Last year, 23 percent of the value of mortgage interest deductions went to the two percent of taxpayers with incomes greater than $100,000. A 1981 study by the Congressional Budget Office shows three-fourths of the benefits go to the richest fifth of taxpayers.
And most taxpayers don't get anything at all from the deduction. The 66 percent of taxpayers who do not itemize their deductions get nothing. Thirty-eight percent of homeowners with mortgages do not claim the deduction. And tenants, whose incomes average half that of homeowners, are not eligible for any deduction. Nor are citizens who are so poor that they owe no taxes.
The mortgage interest deduction is about the most inefficient means imaginable for chaneling housing assistance to the needy. It is far less efficient, for example, than direct subsidies. Yet it was these subsidies that suffered more than any other program from Reagan's budget-cutting axe. In 1981, the federal government spent $33 billion on direct housing assistance. By 1989, it had been slashed to $8 billion. During the 1970s, the federal government built anywhere from 200,000 to 300,000 units of low-income housing per year. This year, it will build 15,000.
How does a program that discriminates against renters and the poor, benefits the greedy at the expense of the needy, and costs the federal government untold billions in revenue survive year after year?
To start with, the mortgage interest deduction has the National Association of Realtors (NAR), one of the richest and most powerful lobbies in the nation, steadfastly behind it. When former Treasury Secretary Donald T. Regan's tax reform plan proposed eliminating the the mortgage interest deduction for vacation homes, NAR president David Roberts denounced it as a prescription for "less growth in the American standard of living and a lower quality of life."
Lower quality of life for whom? People with second homes on Martha's Vineyard? Do they really deserve a multi-billion dollar government handout?
But the mortgage interest deduction has an even more powerful ally than the real estate industry--they have some liberal Democrats and members of Congress. When Ronald W. Reagan hinted during the 1984 campaign that just maybe the deduction could be reformed, Walter F. Mondale called the suggestion "the worst single idea around in tax law."
The mortgage interest deduction also benefits from its low political visibility. It's easier to spend $30 billion through the tax code than to mail out one million checks for $30,000. It wasn't until 1974 that Congress and the President were even required to list the revenue loss of "tax expenditures" such as the mortgage interest deduction as costs on the budget.
The mortgage interest deduction has the privilege of being one of the most sacred of sacred cows in the tax code. During the debate over the 1986 tax reform bill, proposals to limit the deduction to primary residences and to cap the rate of deduction at 14 percent were soundly defeated in Congress.

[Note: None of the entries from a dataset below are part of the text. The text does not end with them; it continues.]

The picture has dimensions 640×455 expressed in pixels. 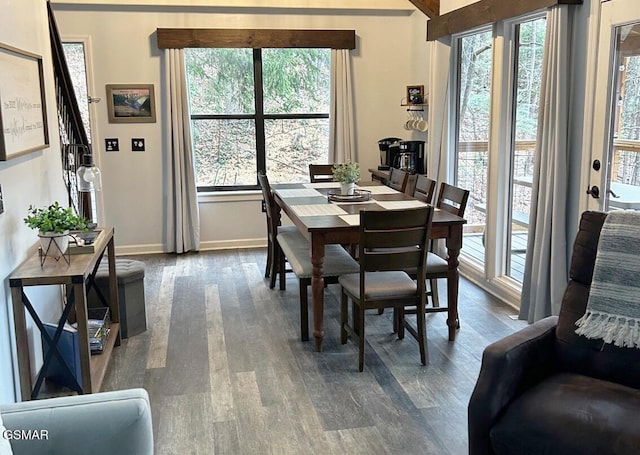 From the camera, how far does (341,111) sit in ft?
20.6

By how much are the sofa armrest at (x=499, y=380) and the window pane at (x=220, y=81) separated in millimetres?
4655

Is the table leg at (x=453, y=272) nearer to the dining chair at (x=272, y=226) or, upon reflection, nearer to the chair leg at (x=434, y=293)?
the chair leg at (x=434, y=293)

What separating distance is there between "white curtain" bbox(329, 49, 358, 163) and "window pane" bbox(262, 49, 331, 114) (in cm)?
17

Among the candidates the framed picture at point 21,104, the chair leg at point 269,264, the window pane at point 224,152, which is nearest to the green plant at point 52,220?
the framed picture at point 21,104

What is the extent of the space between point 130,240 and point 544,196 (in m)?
4.14

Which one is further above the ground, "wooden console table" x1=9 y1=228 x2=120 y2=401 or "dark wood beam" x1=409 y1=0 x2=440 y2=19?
"dark wood beam" x1=409 y1=0 x2=440 y2=19

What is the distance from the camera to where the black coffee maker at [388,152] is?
611 centimetres

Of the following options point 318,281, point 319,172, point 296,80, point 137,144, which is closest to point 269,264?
point 319,172

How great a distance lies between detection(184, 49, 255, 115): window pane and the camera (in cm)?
610

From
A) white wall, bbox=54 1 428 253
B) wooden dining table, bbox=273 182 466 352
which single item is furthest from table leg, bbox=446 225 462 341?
white wall, bbox=54 1 428 253

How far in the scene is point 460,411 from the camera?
2.87 meters

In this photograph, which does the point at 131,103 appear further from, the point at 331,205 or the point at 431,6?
the point at 431,6

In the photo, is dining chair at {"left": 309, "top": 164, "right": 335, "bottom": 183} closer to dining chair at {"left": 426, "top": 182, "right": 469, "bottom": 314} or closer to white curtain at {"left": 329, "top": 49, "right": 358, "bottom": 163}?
white curtain at {"left": 329, "top": 49, "right": 358, "bottom": 163}

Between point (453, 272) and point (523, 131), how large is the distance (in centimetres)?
138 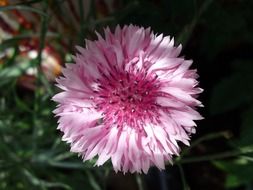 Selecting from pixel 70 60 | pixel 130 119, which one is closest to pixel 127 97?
pixel 130 119

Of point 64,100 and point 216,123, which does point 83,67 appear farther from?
point 216,123

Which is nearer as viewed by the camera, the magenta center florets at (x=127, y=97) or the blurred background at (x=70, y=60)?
the magenta center florets at (x=127, y=97)

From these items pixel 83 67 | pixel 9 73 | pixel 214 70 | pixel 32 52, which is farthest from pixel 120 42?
pixel 214 70

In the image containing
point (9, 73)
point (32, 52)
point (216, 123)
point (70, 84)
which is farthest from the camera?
point (216, 123)

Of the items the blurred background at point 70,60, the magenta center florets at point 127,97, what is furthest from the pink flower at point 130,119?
the blurred background at point 70,60

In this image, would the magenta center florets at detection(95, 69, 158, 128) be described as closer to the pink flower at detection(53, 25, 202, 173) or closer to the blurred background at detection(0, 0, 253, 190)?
the pink flower at detection(53, 25, 202, 173)

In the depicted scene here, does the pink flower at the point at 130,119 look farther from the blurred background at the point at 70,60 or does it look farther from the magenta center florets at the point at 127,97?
the blurred background at the point at 70,60

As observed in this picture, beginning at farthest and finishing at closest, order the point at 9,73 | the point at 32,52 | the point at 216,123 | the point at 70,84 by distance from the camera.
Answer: the point at 216,123
the point at 32,52
the point at 9,73
the point at 70,84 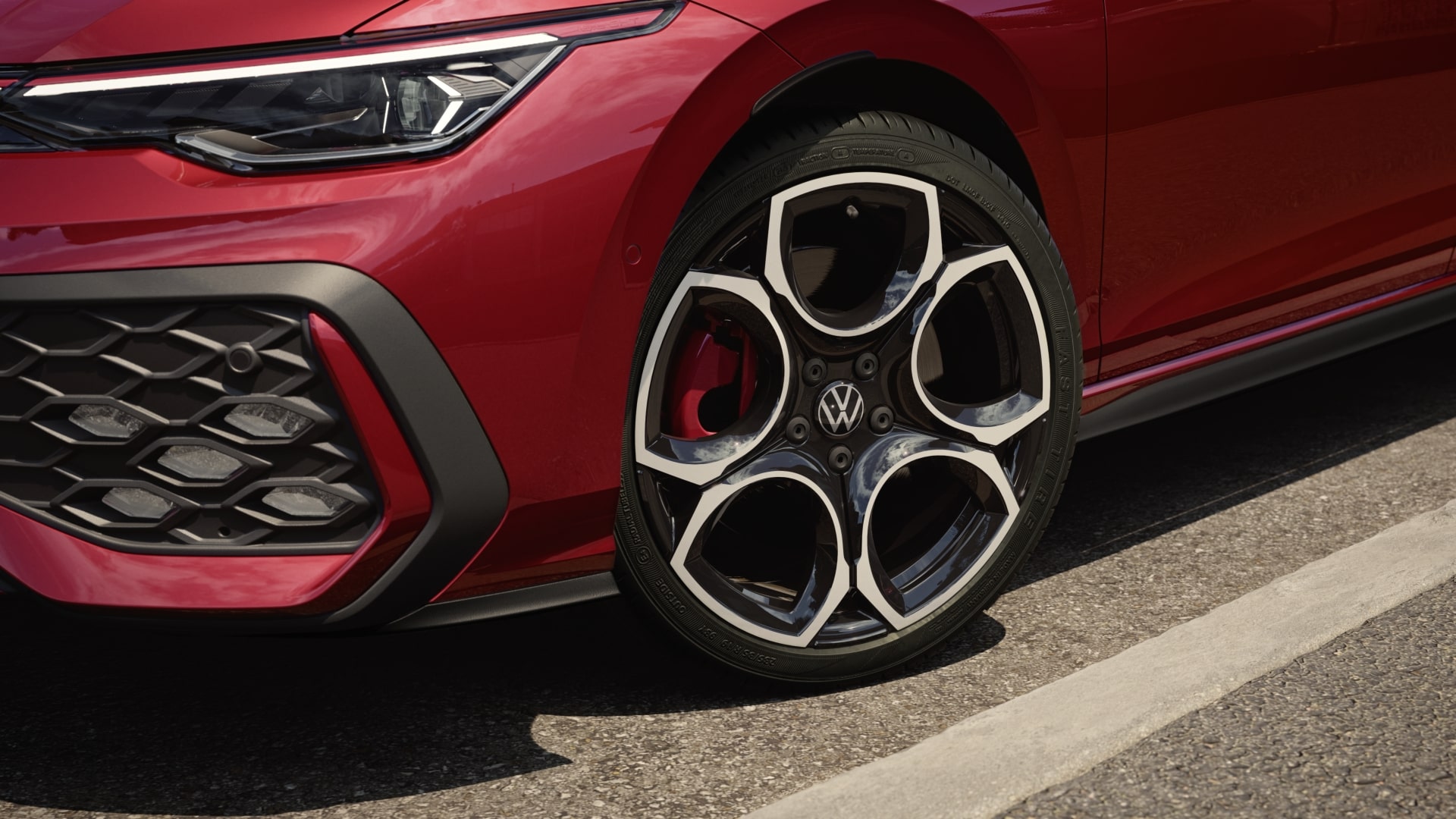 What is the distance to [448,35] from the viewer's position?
1783 mm

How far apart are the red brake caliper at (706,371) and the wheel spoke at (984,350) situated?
0.27 m

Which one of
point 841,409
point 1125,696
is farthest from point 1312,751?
point 841,409

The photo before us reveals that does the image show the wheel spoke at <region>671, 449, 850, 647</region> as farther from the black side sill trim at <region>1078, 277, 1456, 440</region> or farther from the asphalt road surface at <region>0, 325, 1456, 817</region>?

Every attempt to introduce some measure of fairness into the deduction has met with protests about the "sanctity of home ownership." Mondale went so far as to call the mortgage interest deduction "the only deduction that is in the tax law that does any good at all for the average American."
The problem with the deduction is that the "average American" gets precious little out of it. You could scarcely imagine a system that distributes housing assistance as regressively as does the mortgage interest deduction.
Surely it is the responsibility of a society as wealthy as ours to ensure that no one has to sleep on a grate. Just as surely, it is the height of unfairness to take away housing funds from the poor while maintaining lavish deductions for middle-and upper-class homeowners. Congress should eliminate this $32 billion dollar handout to the wealthy and use that money to provide adequate housing for the truly needy.